Final answer:
The equilibrium price for dog clothing is 35, and the equilibrium quantity is 150 units. This is found by setting the demand function equal to the supply function, solving for the price, and then finding the quantity using the determined price.
Step-by-step explanation:
To find the equilibrium price and quantity for dog clothing, we set the demand function Qd equal to the supply function Qs. Given the equations Qd = 500 - 10P and Qs = 5P - 25, we solve for the price P where the quantity demanded equals the quantity supplied.
Solving for P, we have:
Set Qd equal to Qs: 500 - 10P = 5P - 25.
Combine like terms: 10P + 5P = 500 + 25.
Sum the P terms: 15P = 525.
Divide both sides by 15 to find P: P = 525 / 15.
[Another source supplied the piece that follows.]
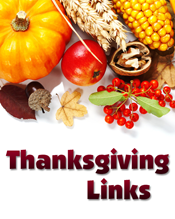 Thanksgiving Links
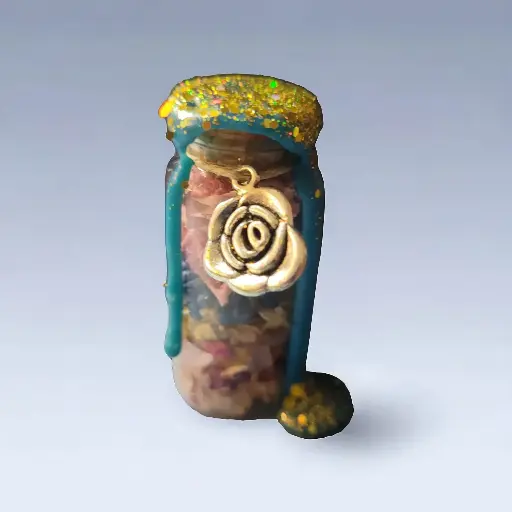 Spell Jar Vierge Marie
Calculate the value of P: P = 35.
Now that we have the equilibrium price, P, we can find the equilibrium quantity by substituting P back into either the demand or supply equation. If we use the demand equation:
Substitute P = 35 into Qd: Qd = 500 - 10(35)
Calculate Qd: Qd = 500 - 350
Find the quantity: Qd = 150
Thus, the equilibrium price is 35 and the equilibrium quantity is 150 units of dog clothing.